France
This article was added by the user . TheWorldNews is not responsible for the content of the platform.

Le dépistage des cancers, enjeux d’une recherche multidisciplinaire

Comment bien se soigner, bien vivre, bien vieillir ? Rendez-vous à Caen, les 9 et 10 décembre au MoHo avec le LibéCare pour débattre avec médecins, intellectuels et experts. En attendant l’événement, réalisé en partenariat avec la région Normandie, la MGEN et l’ADMD, Libération publiera dans un espace dédié articles, tribunes et témoignages.

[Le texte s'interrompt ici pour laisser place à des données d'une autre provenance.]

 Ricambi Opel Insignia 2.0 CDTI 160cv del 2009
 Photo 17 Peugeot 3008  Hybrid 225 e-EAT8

L’intérêt du dépistage pour les individus et pour la société repose à la fois sur la puissance des innovations technologiques et la pertinence de son organisation dans la société pour assurer son efficacité, son efficience et son équité. Si au départ, le principe du dépistage semble simple («il vaut mieux prévenir que guérir»), l’évolution des connaissances, en particulier sur les effets délétères potentiels du dépistage des cancers, a profondément complexifié la problématique, en particulier, la mise en évidence du risque de détecter de très petits cancers d’évolution très lente qui n’auraient jamais eu d’impact sur la vie (surdiagnostic) et dont la découverte est finalement nuisible à la personne.

Ces progrès ont imposé la prise en considération de la balance bénéfice potentiel-effets délétères dans l’appréciation de la pertinence du dépistage d’un cancer. Comme dans le domaine du soin, les pratiques de dépistage doivent se fonder sur des arguments scientifiques du plus haut niveau de preuve possible pour assurer un meilleur service rendu aux individus et à la population.

Chronique «Aux petits soins»

L’enjeu est ici pour les experts et pour les médecins comme pour les individus concernés de pouvoir apprécier justement la balance bénéfice-risques à la fois au niveau individuel comme au niveau collectif. Pour répondre à la fois aux textes fondateurs de notre société et à la déontologie médicale, l’équité de l’accès au dépistage est un enjeu fondamental. Il s’agit ici pour les chercheurs de déconstruire les mécanismes de ces inégalités et d’identifier les clés propres à les réduire. En la matière, on sait que s’il n’existe pas en amont dans l’organisation du dépistage des dispositifs pensés et testés scientifiquement pour réduire les inégalités sociales, en fonction en particulier du principe d’universalisme proportionné, alors l’organisation du dépistage dans la population générale risque bien en fait d’aggraver ces inégalités sociales de santé.

Enfin, pour le développement d’une démocratie sanitaire souhaité par tous, le rôle du médecin n’est plus de décider, en fonction de ses propres convictions, pour une personne s’il doit pratiquer ou non le dépistage, mais d’apporter à cette personne, de la manière la plus didactique et loyale, les informations qui lui permettront de prendre sa décision en fonction de ses propres préférences. Cette tâche n’est pas aisée, particulièrement en l’absence de certitude scientifique, et le rôle des chercheurs et des autorités sanitaires est ici d’inventer les outils qui aideront les médecins à développer cette décision partagée.

Ainsi, les progrès en matière de dépistage des cancers convoquent de très nombreuses disciplines scientifiques et médicales, allant de la biologie et de l’imagerie à l’épidémiologie et aux sciences humaines et sociales. C’est bien tout l’enjeu du développement d’une recherche multidisciplinaire qui permette de rendre plus efficace et équitable l’organisation du dépistage utile des cancers, mais aussi de protéger la population des dépistages délétères. Il s’agit enfin de développer une éthique du dépistage répondant à deux exigences, celle liée au respect des critères de qualité de la décision publique et celle du respect de la liberté de la personne, et de sa décision, quels qu’en soient les fondements.